The beedi baron, BJP MP Shyam Charan Gupta’s recent remarks where he dismissed any connection between smoking and health problems has left the saffron party red faced.  Gupta was quoted saying “I can produce a lot of people in front of you who are chain smokers of beedi and till date they have had no disease, no cancer… You get diabetes due to eating sugar, rice, potatoes. Why don’t you write warnings for all these things as well,” Notably, Shyam Charan Gupta is the founder and chairman of Shyam Group of Companies, whose flagship unit is Shyam Beedi.

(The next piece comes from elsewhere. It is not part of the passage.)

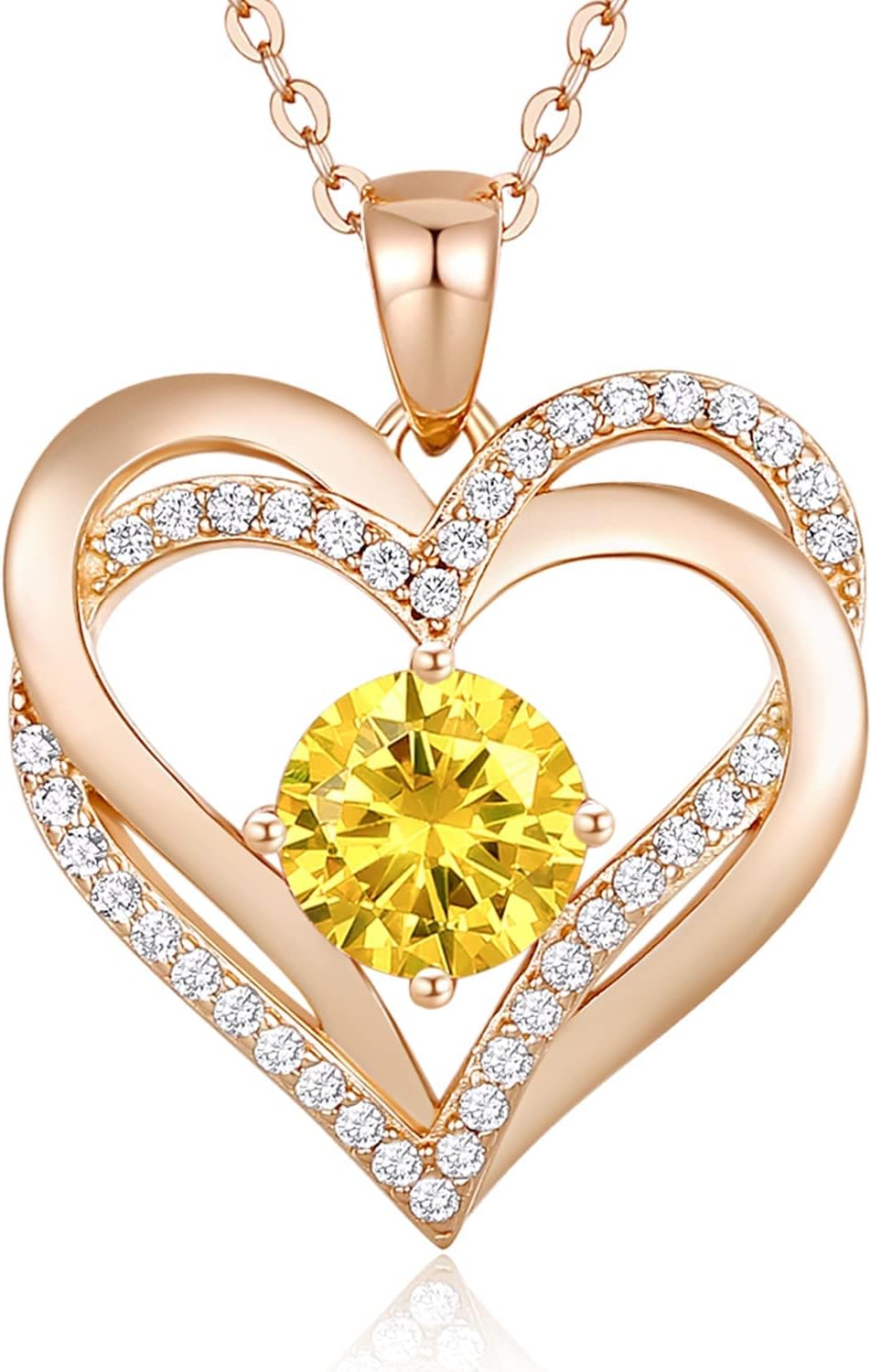 Sterling Silver Heart Birthstone Necklaces
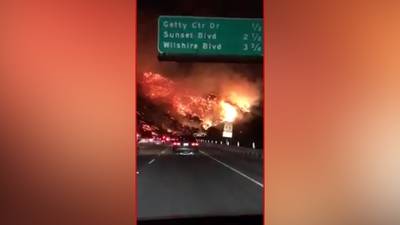 Enorme brand naast snelweg Los Angeles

Seizing the opportunity to corner the government on this matter, the opposition parties highlighted a ‘conflict of interest’ arising from Gupta’s membership in the committee framing laws on tobacco marketing and his tobacco trade. What the opposition parties pointed out was no rocket science. Gupta’s presence in the committee is akin to a criminal being a part of his own jury. The BJP MP from Allahabad, Gupta went on to press his views and asserted that beedis have ‘nil’ adverse effects on the health and there must be separate laws from chewed and smoked tobacco since smoking doesn’t cause any harm. Acting in a damage control mode, Modi suggested the health ministry to enhance the size of pictorial warnings on tobacco products from existing 40% to 65% of the size of the packing.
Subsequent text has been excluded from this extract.